Helping your child adjust to life after divorce

On Behalf of | Sep 21, 2020 | Divorce |

There’s no getting around it; divorce is a trying and often painful adjustment for the entire family. For children, in particular, a divorce can feel like the end of the world. But while you likely have concerns regarding how you and your ex-spouse’s split will impact your children and their well-being, the good news is that children are incredibly resilient.

According to research, only a small percentage of kids experience severe problems in the wake of divorce or later in life as adults. While you can expect your kids to experience the short-term adverse effects from your divorce, such as anger, anxiety or betrayal, these reactions generally diminish by the end of the second year.

Fortunately, there are also things you and your ex can do to help make this transition as easy as possible on your kids – and yourselves. Here are a few parenting strategies that can minimize the toll of the divorce process on your children:

1. Set aside conflict 

Divorce can often get ugly, but you and your ex should try to keep the peace after your divorce for your children’s sake. High levels of parental conflict both during and after a divorce are associated with poorer adjustment in children. It is after your divorce when your children will need the most support and stability to thrive. If you can’t communicate amicably, you should minimize your child’s exposure to your conflicts.

2. Keep parenting consistent

Even despite your best efforts, a divorce can often cause the quality of your parenting to suffer – especially if you are navigating your own adverse effects of divorce. Establishing a consistent routine and rules for your child to follow at both households can restore a sense of normalcy and stability. It also communicates to your child that even though you and your ex are no longer together, you both still want what’s best for them.

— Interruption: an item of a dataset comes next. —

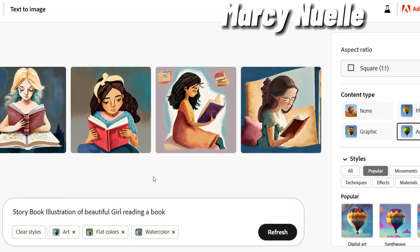Hey everyone, today I'm going to show you how to create consistent characters using a reference image in Adobe Firefly. I already created a prompt. It states: storybook illustration of beautiful girl reading a book.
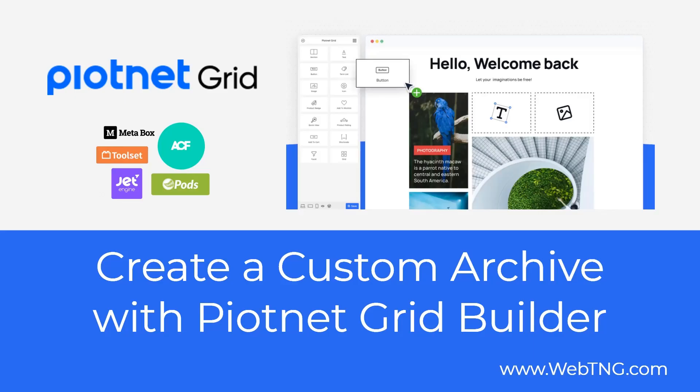So that's the walkthrough and discussion of the PNA grid builder. There's a text version available on the WebTNG website along with other walkthroughs, reviews, and resources. I hope you found the video useful. Thank you all. Thank you for watching.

3. Provide emotional support

Though every child will respond to divorce differently due to their age or personality, they must have an outlet for their emotions. Listening to their feelings and fears and reassuring them that you will get through this as a family can help them feel safe, secure and loved. If they are displaying any mental health concerns, enlisting the help of a therapist or family counselor can help them process what they are going through.

As with most things in life, the pain you and your family experience after a divorce is only temporary. By implementing these strategies, you can ensure your kids have the love and support they need to thrive now and later in life.